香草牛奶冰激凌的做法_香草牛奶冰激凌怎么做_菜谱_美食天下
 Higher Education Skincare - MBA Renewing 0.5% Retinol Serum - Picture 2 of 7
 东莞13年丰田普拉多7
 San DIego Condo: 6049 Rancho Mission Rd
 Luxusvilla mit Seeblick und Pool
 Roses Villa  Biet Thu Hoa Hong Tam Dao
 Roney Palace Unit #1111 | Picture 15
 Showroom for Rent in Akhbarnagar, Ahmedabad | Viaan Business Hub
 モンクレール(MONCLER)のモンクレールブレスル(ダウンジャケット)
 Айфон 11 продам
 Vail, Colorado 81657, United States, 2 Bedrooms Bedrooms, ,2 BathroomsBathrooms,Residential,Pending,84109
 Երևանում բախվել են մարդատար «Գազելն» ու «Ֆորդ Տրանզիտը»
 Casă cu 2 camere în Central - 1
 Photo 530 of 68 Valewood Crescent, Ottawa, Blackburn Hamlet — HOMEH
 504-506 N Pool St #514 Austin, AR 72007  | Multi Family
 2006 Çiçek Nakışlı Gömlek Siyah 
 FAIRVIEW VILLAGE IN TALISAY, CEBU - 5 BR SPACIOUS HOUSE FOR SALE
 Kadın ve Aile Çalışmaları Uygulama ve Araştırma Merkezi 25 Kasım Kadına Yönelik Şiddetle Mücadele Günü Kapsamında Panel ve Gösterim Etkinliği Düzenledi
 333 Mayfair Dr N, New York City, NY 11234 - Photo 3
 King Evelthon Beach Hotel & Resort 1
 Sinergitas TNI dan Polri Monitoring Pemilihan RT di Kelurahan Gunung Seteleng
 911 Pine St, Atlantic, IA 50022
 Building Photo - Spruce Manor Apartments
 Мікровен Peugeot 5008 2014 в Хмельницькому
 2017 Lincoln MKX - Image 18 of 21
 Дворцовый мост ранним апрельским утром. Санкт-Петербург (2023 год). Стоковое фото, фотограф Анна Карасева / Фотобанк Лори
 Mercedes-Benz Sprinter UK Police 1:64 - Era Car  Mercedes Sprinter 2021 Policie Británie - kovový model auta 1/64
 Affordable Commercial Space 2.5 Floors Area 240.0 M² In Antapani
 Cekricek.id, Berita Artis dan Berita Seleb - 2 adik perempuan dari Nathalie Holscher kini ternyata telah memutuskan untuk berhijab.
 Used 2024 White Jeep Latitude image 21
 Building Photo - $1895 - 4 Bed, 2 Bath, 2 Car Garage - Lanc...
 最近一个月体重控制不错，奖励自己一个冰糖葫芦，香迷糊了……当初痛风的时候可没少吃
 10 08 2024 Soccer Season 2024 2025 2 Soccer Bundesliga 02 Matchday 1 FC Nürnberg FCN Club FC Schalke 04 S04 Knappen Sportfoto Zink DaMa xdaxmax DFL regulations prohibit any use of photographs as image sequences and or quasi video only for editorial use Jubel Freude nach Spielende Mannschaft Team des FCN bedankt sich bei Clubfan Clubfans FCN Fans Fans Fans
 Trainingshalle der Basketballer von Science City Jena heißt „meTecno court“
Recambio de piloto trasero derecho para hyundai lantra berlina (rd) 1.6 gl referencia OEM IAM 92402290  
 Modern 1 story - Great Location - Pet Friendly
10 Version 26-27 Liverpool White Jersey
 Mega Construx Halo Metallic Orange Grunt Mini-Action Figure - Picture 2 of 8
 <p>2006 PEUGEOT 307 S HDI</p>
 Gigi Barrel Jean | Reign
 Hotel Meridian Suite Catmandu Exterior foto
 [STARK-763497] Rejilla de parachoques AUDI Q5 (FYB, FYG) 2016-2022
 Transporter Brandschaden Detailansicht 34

▸ ACTION ITEM:
Transcribe the records above exactly, beginning at the line that contains "2017 Lincoln MKX - Image 18 of 21" and ending with the line that contains "最近一个月体重控制不错，奖励", both included, and nothing else.

▸ RESPONSE AREA:
 2017 Lincoln MKX - Image 18 of 21
 Дворцовый мост ранним апрельским утром. Санкт-Петербург (2023 год). Стоковое фото, фотограф Анна Карасева / Фотобанк Лори
 Mercedes-Benz Sprinter UK Police 1:64 - Era Car  Mercedes Sprinter 2021 Policie Británie - kovový model auta 1/64
 Affordable Commercial Space 2.5 Floors Area 240.0 M² In Antapani
 Cekricek.id, Berita Artis dan Berita Seleb - 2 adik perempuan dari Nathalie Holscher kini ternyata telah memutuskan untuk berhijab.
 Used 2024 White Jeep Latitude image 21
 Building Photo - $1895 - 4 Bed, 2 Bath, 2 Car Garage - Lanc...
 最近一个月体重控制不错，奖励自己一个冰糖葫芦，香迷糊了……当初痛风的时候可没少吃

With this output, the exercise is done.